7-({5-[5-Chloro-2-(2,4-dichlorophenoxy)phenoxy]pentyl}oxy)-4-methyl-2H-chromen-2-one (18). Yield 67% (0.206 mmol, 110 mg); white solid, M.p. 84–86 °C; IR (cm−1): νmax 2936 (C-H), 1740 (C=O), 1611 (C=C), 1469 (C=CAr), 1285 (C-O-C), 1192 ((C=O)-O), 847 (C-HAr), 740 (C–Cl); 1H-NMR (CDCl3): δ 1.36–1.51 (2H, m), 1.67–1.86 (4H, m), 2.43 (CH3, s), 3.98 (CH2O, t, J = 6.3 Hz), 3.99 (CH2O, t, J = 5.9 Hz), 6.16 (H2, s), 6.66 (H3b, d, J = 8.8 Hz), 6.82 (H7, d, J = 2.4 Hz), 6.87 (H5, dd, J = 8.8, 2.4 Hz), 6.93–7.06 (H4b, H6b, H6c, m), 7.10 (H5c, dd, J = 8.8, 2.5), 7.43 (H3c, d, J = 2.5 Hz), 7.52 (H4, d, J = 8.6 Hz); 13C-NMR (CDCl3): δ 18.70 (CH3), 22.45 (CH2), 28.61 (CH2), 28.67 (CH2), 68.3 (CH2O), 68.84 (CH2O), 101.44 (C7), 111.90 (C5), 112.60 (C2), 113.52 (C4a), 114.75 (C6b), 117.66 (C3b), 121.05 (C6c), 122.36 (C4b), 124.27 (C2c), 125.51 (C4), 127.55 (C5c), 127.66 (C5b), 130.08 (C4c), 130.75 (C3c), 143.0 (C2b), 151.0 (C1b), 152.61 (C1c), 152.70 (C7a), 155.31 (C3), 161.40 (C6), 162.11 (C=O); EIMS: m/z 533.0692 [M + H]+, Calcd. for C27H24Cl3O5: 533.0689. Anal. Calc. for C27H23Cl3O5: C 60.75, H 4.34. Found C 60.60, H 4.43.

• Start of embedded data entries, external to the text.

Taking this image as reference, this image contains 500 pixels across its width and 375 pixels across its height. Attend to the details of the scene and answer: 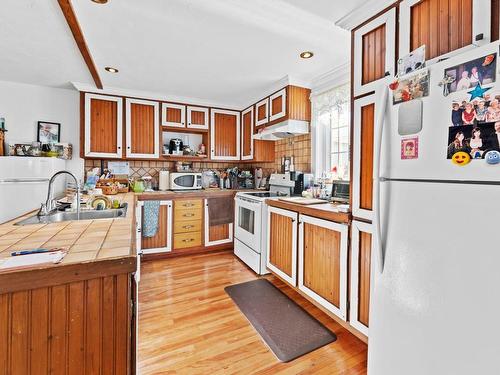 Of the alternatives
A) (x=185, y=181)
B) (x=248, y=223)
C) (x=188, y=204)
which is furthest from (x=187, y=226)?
(x=248, y=223)

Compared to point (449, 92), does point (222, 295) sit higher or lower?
lower

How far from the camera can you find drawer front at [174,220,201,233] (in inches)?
132

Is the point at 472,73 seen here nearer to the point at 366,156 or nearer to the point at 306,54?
the point at 366,156

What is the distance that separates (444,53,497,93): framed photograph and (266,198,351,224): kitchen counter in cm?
104

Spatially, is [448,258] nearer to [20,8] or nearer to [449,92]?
[449,92]

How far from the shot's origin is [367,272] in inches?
63.0

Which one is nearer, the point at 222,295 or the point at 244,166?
the point at 222,295

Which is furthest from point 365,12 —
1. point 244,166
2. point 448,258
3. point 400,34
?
point 244,166

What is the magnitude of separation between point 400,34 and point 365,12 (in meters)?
0.35

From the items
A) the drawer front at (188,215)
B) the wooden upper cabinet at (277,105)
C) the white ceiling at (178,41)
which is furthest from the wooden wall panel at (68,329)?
the wooden upper cabinet at (277,105)

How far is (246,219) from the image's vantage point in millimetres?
3129

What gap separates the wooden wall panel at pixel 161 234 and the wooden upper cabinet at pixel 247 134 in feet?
4.98

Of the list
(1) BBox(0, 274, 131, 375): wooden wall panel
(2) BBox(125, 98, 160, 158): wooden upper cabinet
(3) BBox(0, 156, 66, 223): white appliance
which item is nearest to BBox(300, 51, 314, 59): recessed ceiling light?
(2) BBox(125, 98, 160, 158): wooden upper cabinet

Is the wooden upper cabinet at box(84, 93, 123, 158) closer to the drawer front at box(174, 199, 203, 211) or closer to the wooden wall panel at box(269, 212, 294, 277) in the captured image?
the drawer front at box(174, 199, 203, 211) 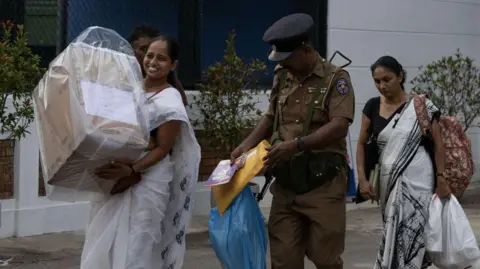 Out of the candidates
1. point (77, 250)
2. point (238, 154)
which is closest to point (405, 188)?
point (238, 154)

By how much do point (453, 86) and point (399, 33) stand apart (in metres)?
0.97

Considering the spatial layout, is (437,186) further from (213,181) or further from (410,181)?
(213,181)

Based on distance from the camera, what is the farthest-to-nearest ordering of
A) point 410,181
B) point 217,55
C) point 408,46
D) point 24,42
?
point 408,46 < point 217,55 < point 24,42 < point 410,181

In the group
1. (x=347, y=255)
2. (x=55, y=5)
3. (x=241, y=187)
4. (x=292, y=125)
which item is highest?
(x=55, y=5)

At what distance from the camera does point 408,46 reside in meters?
11.5

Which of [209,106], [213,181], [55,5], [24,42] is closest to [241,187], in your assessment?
[213,181]

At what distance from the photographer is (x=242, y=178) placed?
4.77 meters

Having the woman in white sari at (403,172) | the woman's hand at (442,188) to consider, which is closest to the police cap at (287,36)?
the woman in white sari at (403,172)

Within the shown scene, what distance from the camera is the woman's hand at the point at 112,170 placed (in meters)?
4.45

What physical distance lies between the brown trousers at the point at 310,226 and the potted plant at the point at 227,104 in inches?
140

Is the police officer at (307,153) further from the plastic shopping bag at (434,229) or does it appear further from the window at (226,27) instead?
the window at (226,27)

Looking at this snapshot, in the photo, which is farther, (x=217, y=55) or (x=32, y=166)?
(x=217, y=55)

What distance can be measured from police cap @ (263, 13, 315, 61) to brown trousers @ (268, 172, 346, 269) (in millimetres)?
760

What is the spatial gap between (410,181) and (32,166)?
12.9 ft
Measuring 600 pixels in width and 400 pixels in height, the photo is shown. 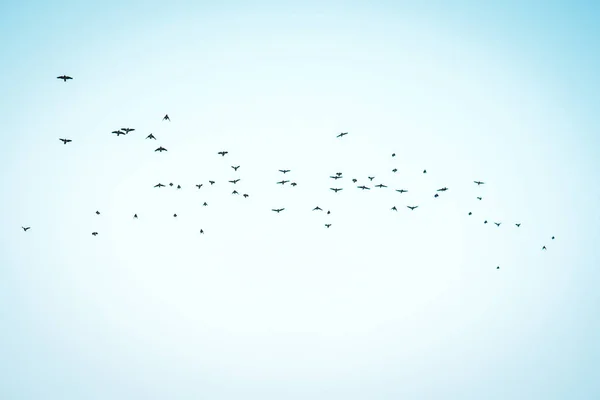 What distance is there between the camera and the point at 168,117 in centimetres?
5447

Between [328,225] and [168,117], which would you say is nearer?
[168,117]

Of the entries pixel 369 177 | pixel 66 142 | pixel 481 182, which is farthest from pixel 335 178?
pixel 66 142

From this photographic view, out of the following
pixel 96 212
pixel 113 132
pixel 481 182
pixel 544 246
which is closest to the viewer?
pixel 113 132

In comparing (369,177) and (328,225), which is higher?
(369,177)

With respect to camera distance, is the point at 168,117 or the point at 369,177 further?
the point at 369,177

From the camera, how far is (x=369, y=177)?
60.4 metres

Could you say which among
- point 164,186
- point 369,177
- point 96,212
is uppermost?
point 369,177

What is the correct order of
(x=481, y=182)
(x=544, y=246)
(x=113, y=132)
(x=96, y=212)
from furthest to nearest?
1. (x=544, y=246)
2. (x=481, y=182)
3. (x=96, y=212)
4. (x=113, y=132)

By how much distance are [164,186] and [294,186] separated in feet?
56.3

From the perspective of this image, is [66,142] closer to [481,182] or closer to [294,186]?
[294,186]

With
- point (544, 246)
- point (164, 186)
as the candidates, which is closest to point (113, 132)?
point (164, 186)

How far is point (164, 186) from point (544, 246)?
5680cm

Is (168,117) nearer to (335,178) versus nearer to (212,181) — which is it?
(212,181)

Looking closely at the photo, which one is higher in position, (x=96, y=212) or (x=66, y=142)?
(x=66, y=142) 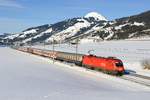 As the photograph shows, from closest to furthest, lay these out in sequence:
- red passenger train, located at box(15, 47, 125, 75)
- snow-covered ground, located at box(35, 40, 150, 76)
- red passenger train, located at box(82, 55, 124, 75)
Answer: red passenger train, located at box(82, 55, 124, 75) → red passenger train, located at box(15, 47, 125, 75) → snow-covered ground, located at box(35, 40, 150, 76)

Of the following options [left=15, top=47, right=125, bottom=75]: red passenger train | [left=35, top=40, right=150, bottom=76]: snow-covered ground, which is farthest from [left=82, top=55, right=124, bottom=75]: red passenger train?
[left=35, top=40, right=150, bottom=76]: snow-covered ground

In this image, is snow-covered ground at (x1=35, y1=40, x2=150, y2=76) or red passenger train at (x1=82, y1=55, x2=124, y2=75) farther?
snow-covered ground at (x1=35, y1=40, x2=150, y2=76)

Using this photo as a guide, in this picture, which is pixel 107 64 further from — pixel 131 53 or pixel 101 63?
pixel 131 53

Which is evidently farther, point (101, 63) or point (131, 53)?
point (131, 53)

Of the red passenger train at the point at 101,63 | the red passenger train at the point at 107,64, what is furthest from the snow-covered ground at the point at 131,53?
the red passenger train at the point at 101,63

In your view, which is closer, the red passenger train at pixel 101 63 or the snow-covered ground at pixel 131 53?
the red passenger train at pixel 101 63

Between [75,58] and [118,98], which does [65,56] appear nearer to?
[75,58]

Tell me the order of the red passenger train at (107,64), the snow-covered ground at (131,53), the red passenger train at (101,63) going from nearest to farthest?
the red passenger train at (107,64), the red passenger train at (101,63), the snow-covered ground at (131,53)

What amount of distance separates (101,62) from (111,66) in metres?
3.68

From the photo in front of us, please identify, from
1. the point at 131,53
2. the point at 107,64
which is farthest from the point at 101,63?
the point at 131,53

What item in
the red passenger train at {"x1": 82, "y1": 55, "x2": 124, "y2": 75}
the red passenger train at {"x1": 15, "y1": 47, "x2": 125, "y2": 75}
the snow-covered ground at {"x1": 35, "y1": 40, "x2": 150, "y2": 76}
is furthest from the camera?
the snow-covered ground at {"x1": 35, "y1": 40, "x2": 150, "y2": 76}

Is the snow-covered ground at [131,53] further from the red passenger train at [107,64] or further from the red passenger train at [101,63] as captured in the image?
the red passenger train at [101,63]

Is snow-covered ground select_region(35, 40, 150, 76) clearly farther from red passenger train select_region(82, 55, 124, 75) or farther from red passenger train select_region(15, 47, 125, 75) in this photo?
red passenger train select_region(15, 47, 125, 75)

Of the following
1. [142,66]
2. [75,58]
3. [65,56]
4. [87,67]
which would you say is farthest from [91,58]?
[65,56] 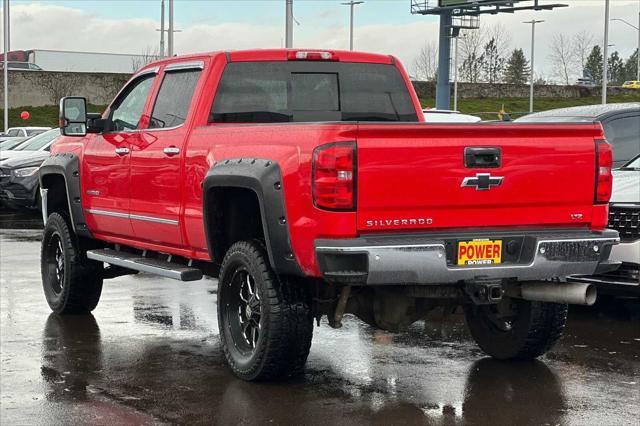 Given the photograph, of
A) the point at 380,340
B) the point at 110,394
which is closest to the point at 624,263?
the point at 380,340

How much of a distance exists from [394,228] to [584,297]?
4.08 ft

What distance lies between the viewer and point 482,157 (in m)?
6.79

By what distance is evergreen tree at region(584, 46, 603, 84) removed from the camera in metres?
119

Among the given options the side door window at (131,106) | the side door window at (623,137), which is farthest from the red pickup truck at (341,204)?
the side door window at (623,137)

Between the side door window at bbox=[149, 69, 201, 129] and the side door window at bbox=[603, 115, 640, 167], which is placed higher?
the side door window at bbox=[149, 69, 201, 129]

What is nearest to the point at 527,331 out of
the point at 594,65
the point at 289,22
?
the point at 289,22

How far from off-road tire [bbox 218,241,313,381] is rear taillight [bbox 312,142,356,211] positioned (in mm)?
784

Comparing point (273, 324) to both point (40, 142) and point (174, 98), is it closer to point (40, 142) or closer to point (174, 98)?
point (174, 98)

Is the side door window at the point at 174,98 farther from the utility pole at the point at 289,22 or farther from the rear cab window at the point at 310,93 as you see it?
the utility pole at the point at 289,22

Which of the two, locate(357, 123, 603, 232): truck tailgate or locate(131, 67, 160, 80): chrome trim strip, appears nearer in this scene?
locate(357, 123, 603, 232): truck tailgate

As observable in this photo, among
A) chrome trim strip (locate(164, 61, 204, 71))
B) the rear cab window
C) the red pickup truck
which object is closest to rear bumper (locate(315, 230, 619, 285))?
the red pickup truck

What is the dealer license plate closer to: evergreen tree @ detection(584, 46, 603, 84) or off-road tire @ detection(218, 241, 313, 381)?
off-road tire @ detection(218, 241, 313, 381)

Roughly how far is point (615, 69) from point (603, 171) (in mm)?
135612

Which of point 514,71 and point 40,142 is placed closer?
point 40,142
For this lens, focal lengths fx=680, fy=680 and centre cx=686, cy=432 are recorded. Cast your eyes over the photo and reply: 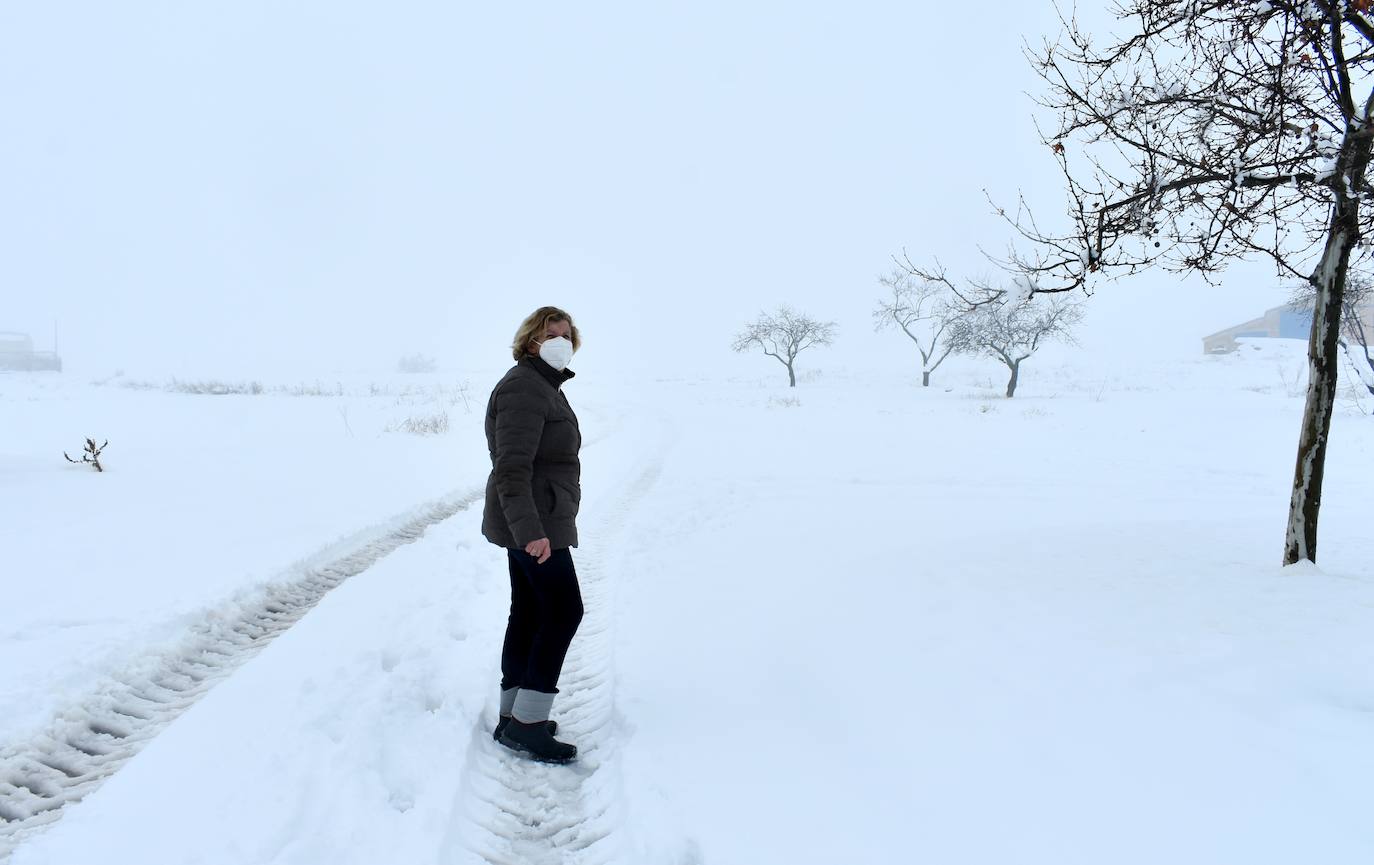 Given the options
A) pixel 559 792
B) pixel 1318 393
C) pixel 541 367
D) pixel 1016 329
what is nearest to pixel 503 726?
pixel 559 792

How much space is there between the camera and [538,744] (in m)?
3.29

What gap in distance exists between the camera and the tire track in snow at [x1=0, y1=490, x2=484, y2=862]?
291 cm

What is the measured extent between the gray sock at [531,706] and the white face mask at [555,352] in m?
1.60

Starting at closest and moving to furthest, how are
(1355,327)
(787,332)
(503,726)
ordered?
1. (503,726)
2. (1355,327)
3. (787,332)

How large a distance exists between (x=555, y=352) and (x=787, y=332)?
4421 cm

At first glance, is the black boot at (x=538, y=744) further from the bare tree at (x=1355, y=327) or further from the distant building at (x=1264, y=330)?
the distant building at (x=1264, y=330)

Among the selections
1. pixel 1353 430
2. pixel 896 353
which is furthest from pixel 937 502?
pixel 896 353

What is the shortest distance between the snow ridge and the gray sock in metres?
0.22

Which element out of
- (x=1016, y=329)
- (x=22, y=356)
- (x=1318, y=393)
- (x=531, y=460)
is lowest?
(x=531, y=460)

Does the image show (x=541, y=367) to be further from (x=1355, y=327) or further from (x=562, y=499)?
(x=1355, y=327)

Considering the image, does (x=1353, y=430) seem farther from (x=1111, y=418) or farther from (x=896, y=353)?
(x=896, y=353)

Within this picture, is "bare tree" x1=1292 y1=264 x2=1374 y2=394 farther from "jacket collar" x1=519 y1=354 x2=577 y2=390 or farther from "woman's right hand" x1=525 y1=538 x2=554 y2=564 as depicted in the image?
"woman's right hand" x1=525 y1=538 x2=554 y2=564

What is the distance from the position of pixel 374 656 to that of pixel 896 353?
3106 inches

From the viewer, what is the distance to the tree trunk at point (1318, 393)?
4.71 m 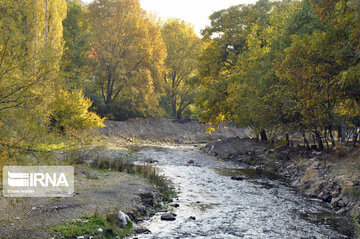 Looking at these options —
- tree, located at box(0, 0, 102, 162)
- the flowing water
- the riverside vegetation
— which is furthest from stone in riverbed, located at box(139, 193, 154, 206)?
tree, located at box(0, 0, 102, 162)

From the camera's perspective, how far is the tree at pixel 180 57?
48281 mm

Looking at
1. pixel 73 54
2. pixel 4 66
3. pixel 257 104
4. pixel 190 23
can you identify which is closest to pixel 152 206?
pixel 4 66

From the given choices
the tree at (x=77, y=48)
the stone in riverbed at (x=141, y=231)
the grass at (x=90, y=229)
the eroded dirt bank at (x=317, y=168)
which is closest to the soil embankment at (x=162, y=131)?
the tree at (x=77, y=48)

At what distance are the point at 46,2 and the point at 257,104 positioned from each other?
16.4 m

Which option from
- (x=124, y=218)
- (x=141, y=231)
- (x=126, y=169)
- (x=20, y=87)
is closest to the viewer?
(x=20, y=87)

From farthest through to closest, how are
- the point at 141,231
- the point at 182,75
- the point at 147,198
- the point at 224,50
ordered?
the point at 182,75 < the point at 224,50 < the point at 147,198 < the point at 141,231

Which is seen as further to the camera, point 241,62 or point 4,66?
point 241,62

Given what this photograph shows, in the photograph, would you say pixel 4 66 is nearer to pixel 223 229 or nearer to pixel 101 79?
pixel 223 229

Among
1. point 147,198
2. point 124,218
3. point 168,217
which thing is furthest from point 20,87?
point 147,198

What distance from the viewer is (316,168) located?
1591cm

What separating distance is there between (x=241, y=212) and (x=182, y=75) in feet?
132

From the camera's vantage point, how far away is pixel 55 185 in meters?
10.6

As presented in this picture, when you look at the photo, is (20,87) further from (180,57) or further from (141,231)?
(180,57)

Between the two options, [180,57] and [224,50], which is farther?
[180,57] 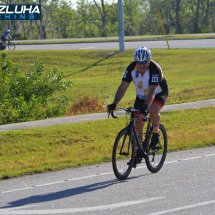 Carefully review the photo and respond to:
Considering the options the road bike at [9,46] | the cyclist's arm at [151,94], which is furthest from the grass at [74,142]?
the road bike at [9,46]

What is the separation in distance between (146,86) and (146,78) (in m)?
0.14

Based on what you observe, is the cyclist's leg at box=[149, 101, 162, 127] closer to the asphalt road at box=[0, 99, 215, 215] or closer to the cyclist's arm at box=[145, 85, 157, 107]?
the cyclist's arm at box=[145, 85, 157, 107]

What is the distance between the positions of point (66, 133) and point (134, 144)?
4171 mm

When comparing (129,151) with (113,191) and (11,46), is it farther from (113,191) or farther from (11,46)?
(11,46)

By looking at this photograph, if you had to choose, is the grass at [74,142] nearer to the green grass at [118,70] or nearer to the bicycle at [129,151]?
the bicycle at [129,151]

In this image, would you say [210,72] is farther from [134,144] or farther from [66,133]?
[134,144]

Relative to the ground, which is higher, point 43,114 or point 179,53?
point 179,53

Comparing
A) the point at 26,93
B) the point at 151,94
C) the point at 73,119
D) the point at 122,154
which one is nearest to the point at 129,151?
the point at 122,154

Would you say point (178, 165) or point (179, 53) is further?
point (179, 53)

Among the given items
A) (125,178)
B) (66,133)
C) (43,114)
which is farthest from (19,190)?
(43,114)

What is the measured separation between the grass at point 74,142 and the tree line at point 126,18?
4833 centimetres

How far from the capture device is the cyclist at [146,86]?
5469 mm

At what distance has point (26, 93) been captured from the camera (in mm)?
14078

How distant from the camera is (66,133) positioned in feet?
31.5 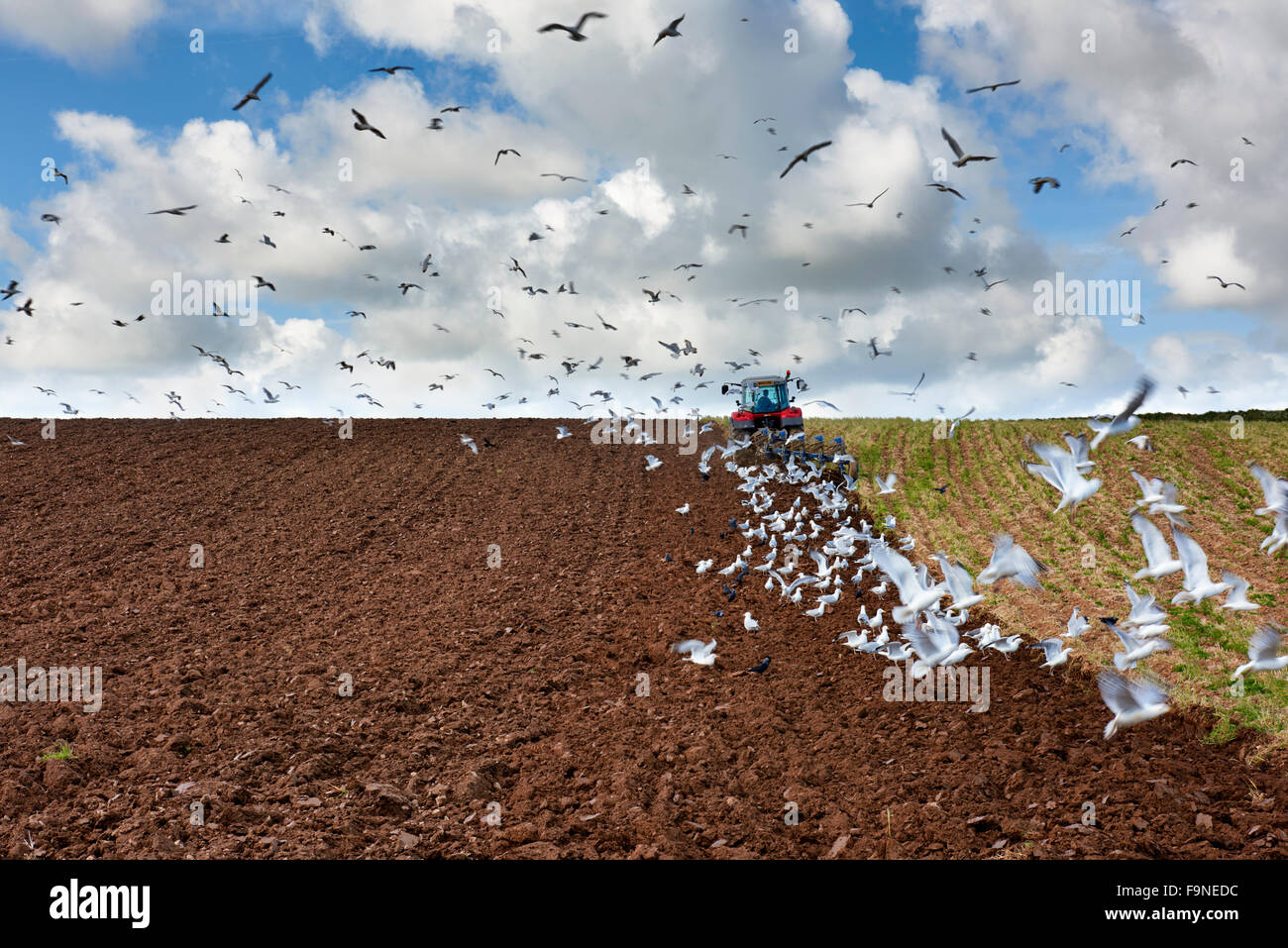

7-({8-[5-Chloro-2-(2,4-dichlorophenoxy)phenoxy]octyl}oxy)-4-methyl-2H-chromen-2-one (19). Yield 75% (0.204 mmol, 117 mg); yellow pale oil; IR (cm−1): νmax 2936 (C-H), 1729 (C=O), 1613 (C=C), 1474 (C=CAr), 1268 (C-O-C), 1146 ((C=O)-O), 839 (C-HAr), 742 (C–Cl); 1H-NMR (CDCl3): δ 1.16–1.37 (6H, m), 1.39–1.55 (2H, m), 1.59–1.72 (2H, m), 1.77–1.94 (2H, m), 2.43 (CH3, s), 3.94 (CH2O, t, J = 6.2 Hz), 4.05 (CH2O, t, J = 6.5 Hz), 6.16 (H2, s), 6.66 (H3b, d, J = 8.8 Hz), 6.84 (H7, d, J = 2.5 Hz), 6.89 (H5, dd, J = 8.8, 2.5 Hz), 6.95 (H4b, dd, J = 8.8, 2.5 Hz), 6.97–7.06 (H6b, H6c, m), 7.11 (H5c, dd, J = 8.8, 2.5), 7.44 (H3c, d, J = 2.5 Hz), 7.52 (H4, d, J = 8.8 Hz); 13C-NMR (CDCl3): δ 18.71 (CH3), 25.70 (CH2), 25.90 (CH2), 28.91 (CH2), 29.0 (CH2), 29.14 (CH2), 29.24 (CH2), 68.57 (CH2O), 68.96 (CH2O), 101.36 (C7), 111.82 (C5), 112.71 (C2), 113.43 (C4a), 114.62 (C6b), 117.62 (C3b), 120.85 (C6c), 122.36 (C4b), 124.21 (C2c), 125.51 (C4), 127.51 (C5c), 127.60 (C5b), 130.06 (C4c), 130.73 (C3c), 142.82 (C2b), 151.1 (C1b), 152.66 (C1c), 152.71 (C7a), 155.32 (C3), 161.44 (C6), 162.25 (C=O); EIMS: m/z 575.1156 [M + H]+, Calcd. for C30H30Cl3O5: 575.1159.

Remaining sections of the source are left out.